Apart from Sylvie, the other of ‘her own’ is Louis. He’s visiting too and struts about with such purpose and vigour, you’d think he was younger than Sylvie. But he’s not; he’s fully forty years old and still living with mother. A total berk, anyway. You can just make him out, disappearing over the hill.
Father, by the way, is not dead – heaven forbid! No, he’s too ill or lazy to come to the beach. Too much sand, too much sun, that’s not what England is about for him. Patricia would have had to go home soon after and fix him a roast dinner – it’s Sunday, after all!
What do you reckon? You’re not really interested in these photos, are you Anne? Anne? Anne!

Friday, 5 September 2008

Sylvie's beach




Sylvie took me to a new beach today, near the mouth of the river. The weather was fresh and calm, the sun was pleasing. I realised I hadn't been to another beach, except for my regular haunt, in four years.
Greta was back at school today, but Sylvie and I had one more day's holiday left. 'Let's make the most of it, honey,' Sylvie had said, and made coquettish, seductive eyes at me. That made me smile, but I almost smirked. Sylvie isn't very good at being sexy. She sounds like she's in a bad movie or she's reading lines from a Mills & Boon novel.
When we got to the beach we walked a little way and I plonked myself down in a spot sheltered from the light breeze. Sylvie had brought a rug along and motioned for me to shift onto that, alongside her.
Just the late summer sun and the odd wanderer along the sands for company, Sylvie rolled in towards me for an embrace. I was surprised, but reciprocated.
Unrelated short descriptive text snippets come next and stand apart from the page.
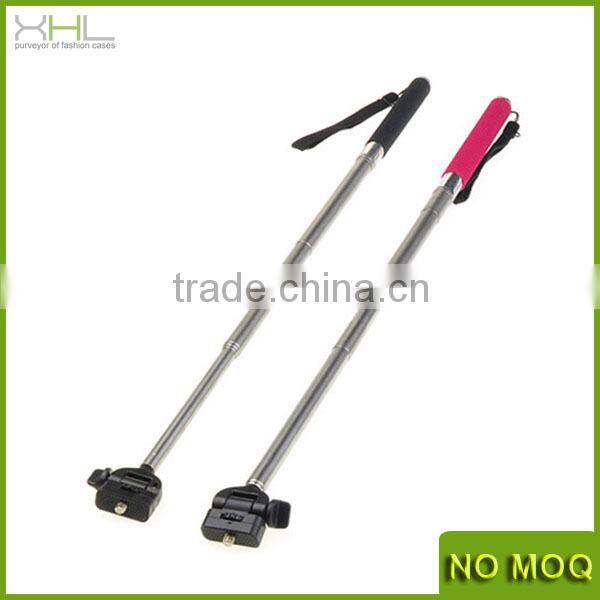 SNAPSHOT Handheld Monopod selfie holder selfie stick for iphone samsung ipad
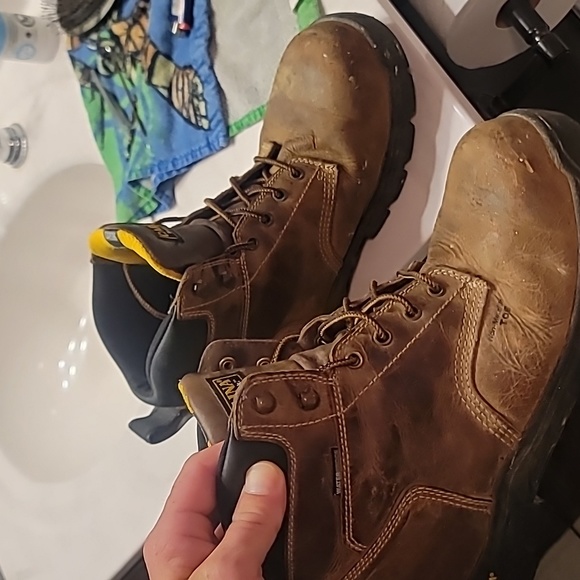 Carolina work boots - Picture 6 of 6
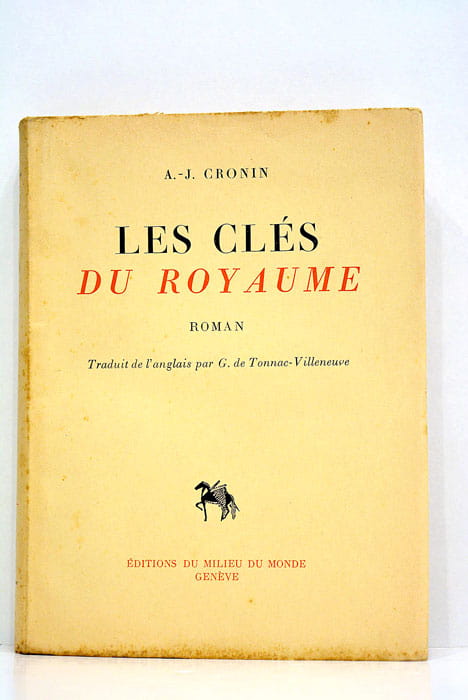 Les clés du royaume.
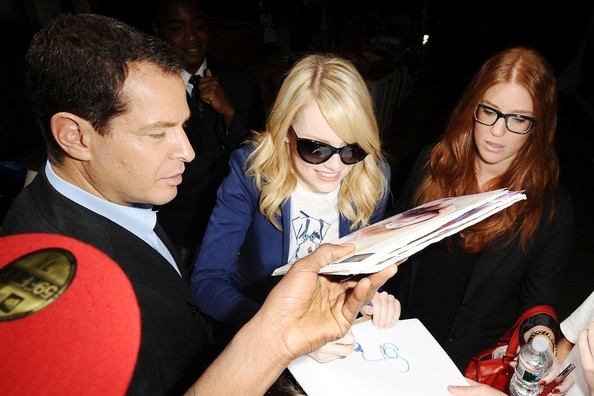 Emma Stone Fotoğrafı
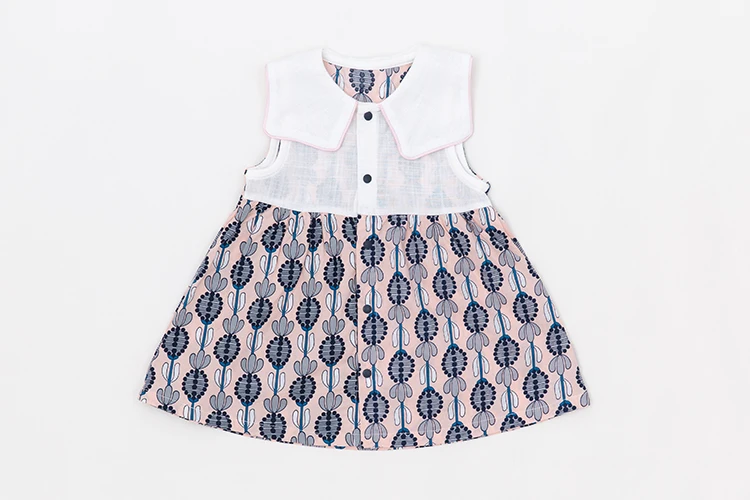 Adorable baby girl 12months newborn clothes from China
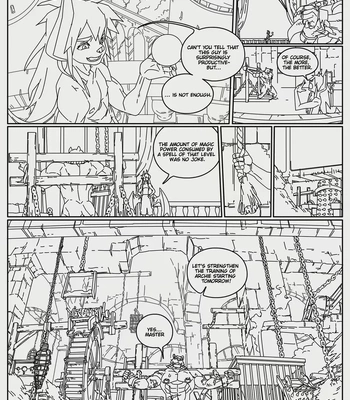 [RoaringMoon] Hero’s Trap (Beta) [Eng] — 046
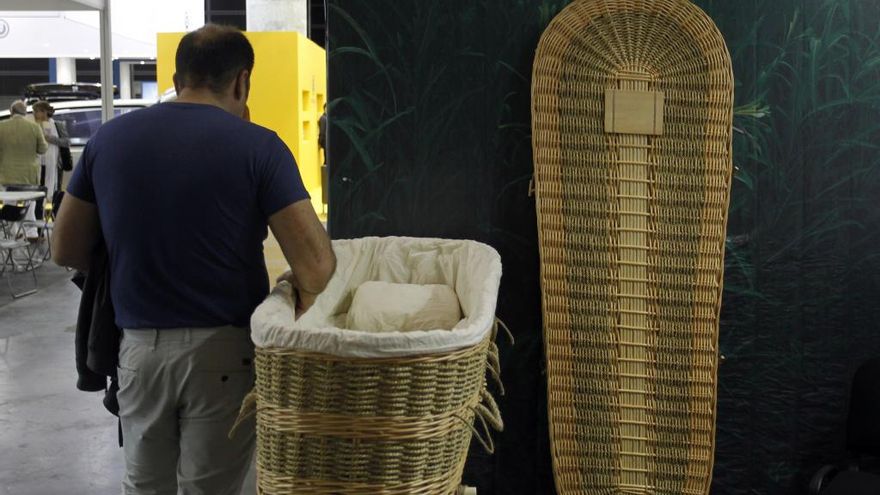 La muerte, un negocio en muchas manos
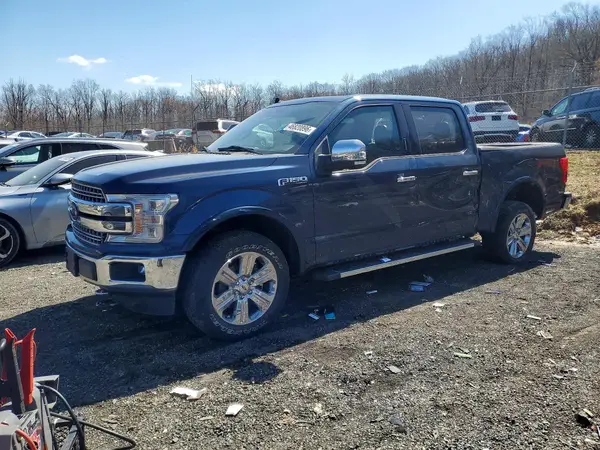 1FTEW1E54LFC18393 2020 FORD F-150 - Image 1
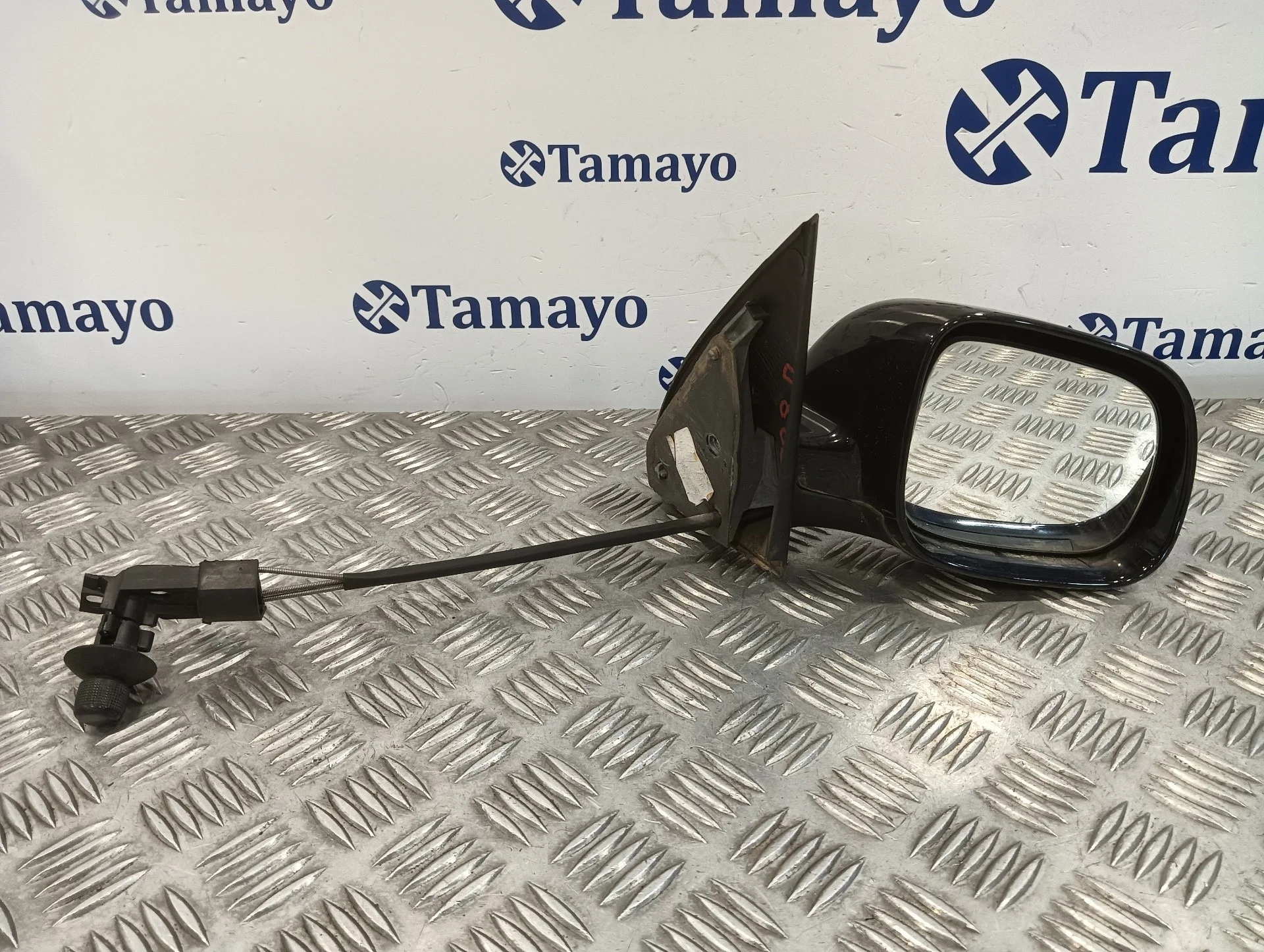 Retrovisor Derecho para Skoda Fabia (6Y2/6Y3)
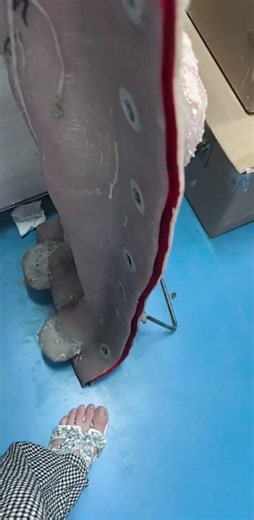 Small Silicone Doll Mold Showcase | Factory Production Tool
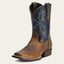 Ariat kids tombstone western boot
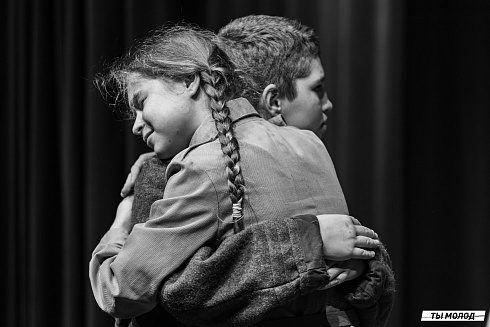 Гала-концерт открытого театрального фестиваля "Чеховский день"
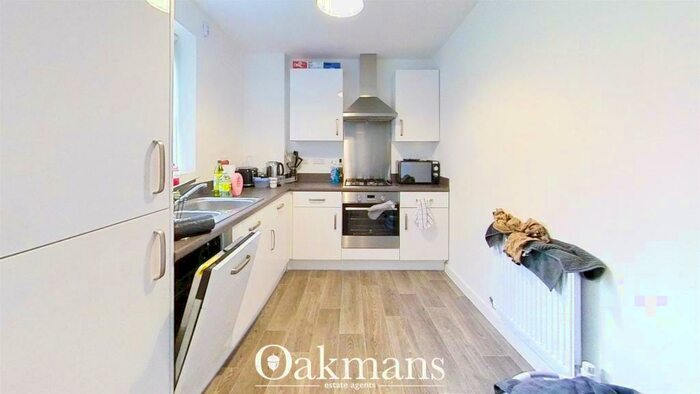 2 Bedroom Flat To Rent In Bowthorpe Court, Escelie Way, Birmingham, B29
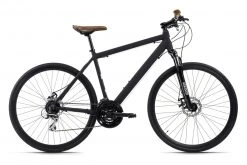 Adore Herren-Cityrad 28'' URBAN-BIKE BLOOR - schwarz - 51 cm Rahmenhöhe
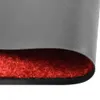 vidaXL Fußmatte Waschbar Rot 90x120 cm -  Fußmatten Produktbild-Vorschau 3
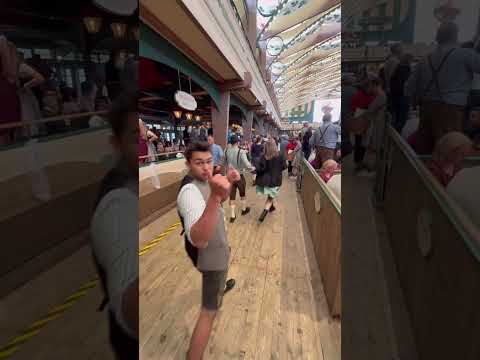 Munich Oktoberfest 2025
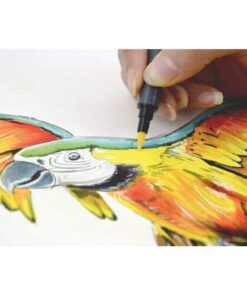 GRAPH'O Twin Tip Marker GO08150 Chlorophyll vandbaserede tusser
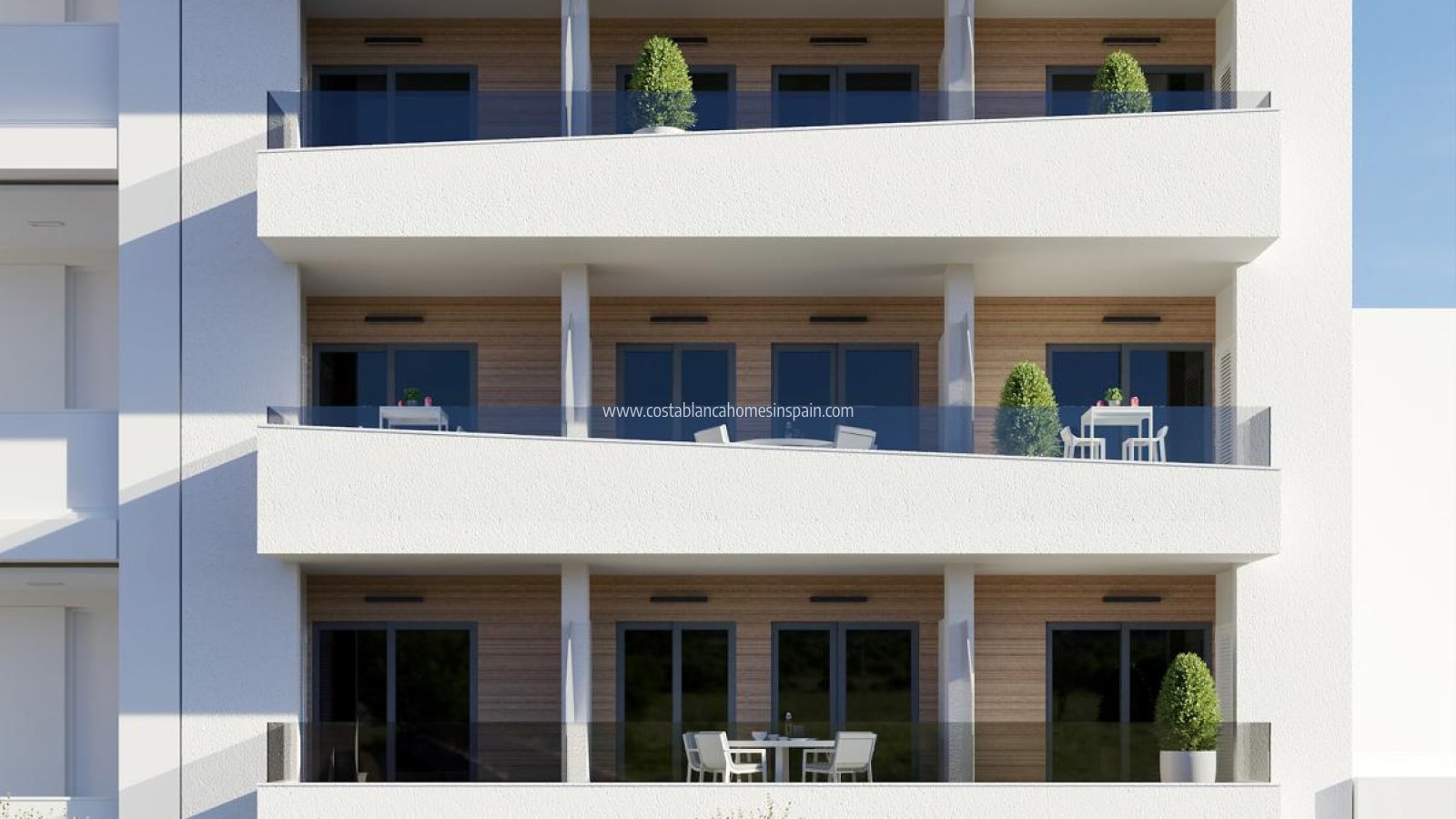 Nouvelle construction - Apartment - Torrevieja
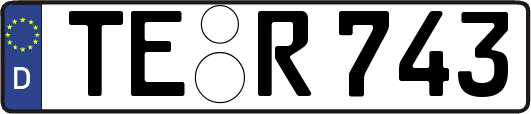 TE-R743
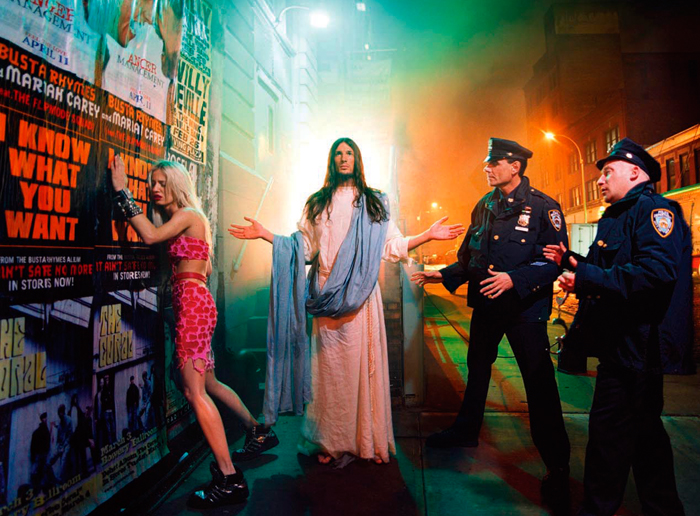 David LaChapelle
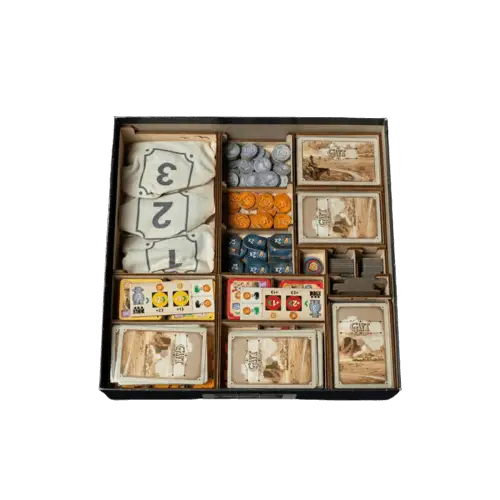 Inlay: Great Western Trail - Image 4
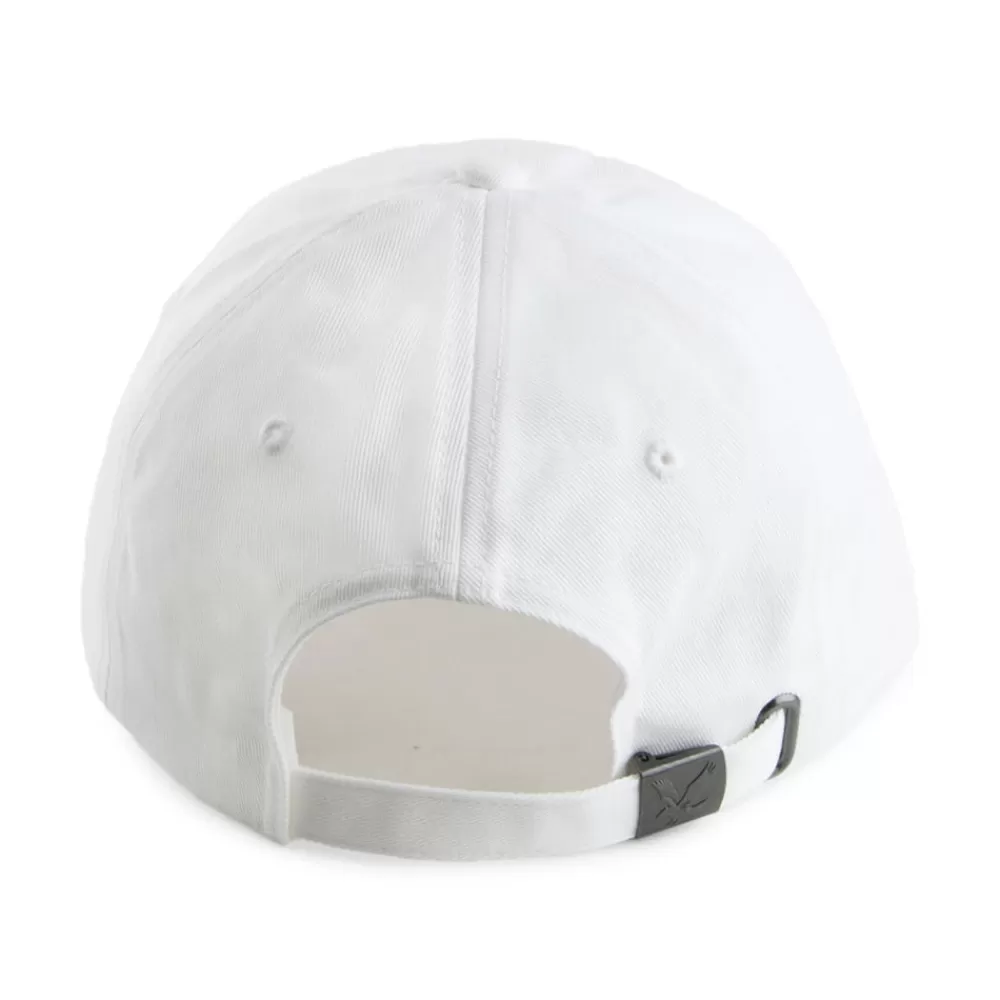 Casquettes De Baseball | Casquettes Femme^Lyle & Scott Casquette Vintage blanc LYLE & SCOTT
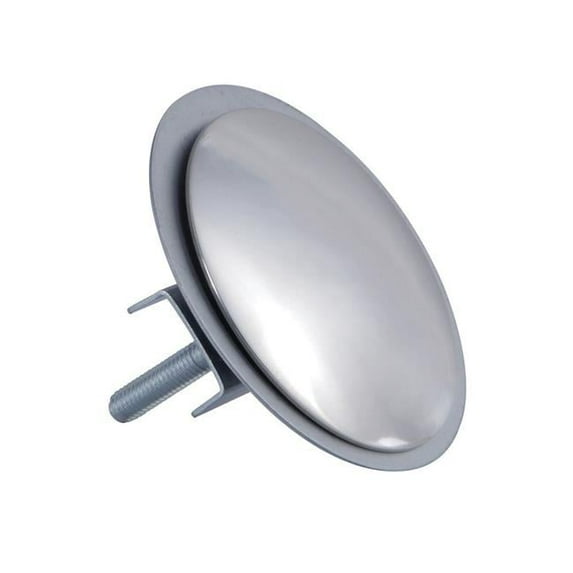 Kingston Brass SC1006 2 in. Sink Faucet Hole Cover, Polished Nickel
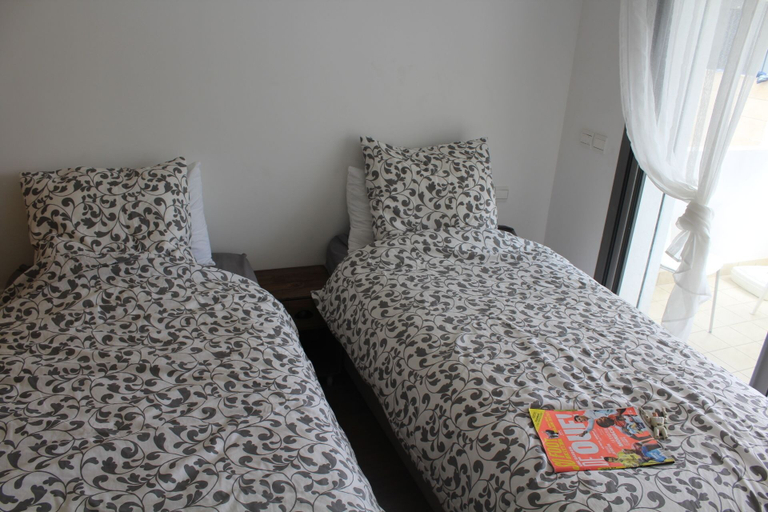 Bedroom 2, Résidence Paradise, Ben Slimane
I'm unused to public shows of affection and I had to keep one eye open and trained on the beach ahead, incase of peering nosey walkers.
I rested my left hand on her hip and she tried to pull it up so that it cupped her breast. I resisted and instead settled it lightly on her buttock, which seemed to appease her.
I began to wonder if Anne ever came here with Derek. I guess I had a small panic attack about it, because my breathing increased quite quickly. Sylvie broke away, looked deeply into my eyes and stroked my hair and my face sweetly, I think she thought she'd really quite turned me on. But then the moment was broken by a couple who strolled along the sandbank before us.
"Who's that, is it Anne?" I cried and broke away from Sylvie. Of course it wasn't her and I flushed with childish embarrassment. I looked at Sylvie out of the corner of my eyes and saw her face change from hurt to angry.
She turned away and pretended to sunbathe. We didn't speak again until she unpacked the sandwiches.

Wednesday, 27 August 2008

Greta and me




Now, when I go walking upon that same stretch of coast, I fear I’ll see Anne.
It hasn’t happened yet, maybe it never will, but the clicking heels of Anne behind me is a sound that makes me wheel around with fear on stronger days, and pick up my pace in ignorance on more usual days.
I dread most to see her today, because today I’m walking with Greta.
Greta is not my new girlfriend; Greta is my new girlfriend’s daughter. She has strange falling locks of boy blonde hair and a propensity to bounce and giggle. She reminds me of Millie, Anne’s dog.
I guess if I’m going to see Anne, I’ll see Millie first. I wonder if Millie will recognise me still. I wonder if Anne will.
It’s funny that as the seasons roll on by and the storms and tides come and go, it’s difficult to tell the month when you’re at the beach.
I like to think my face is like the beach, weathering the beatings of nature and standing almost timeless, just shifting sands giving away its slow changing nature. But maybe I’m the only one who can’t tell I’m changing?
The wind picks up and slaps our faces and Greta has teary eyes. I’ll get her home now. I’ve avoided Anne again.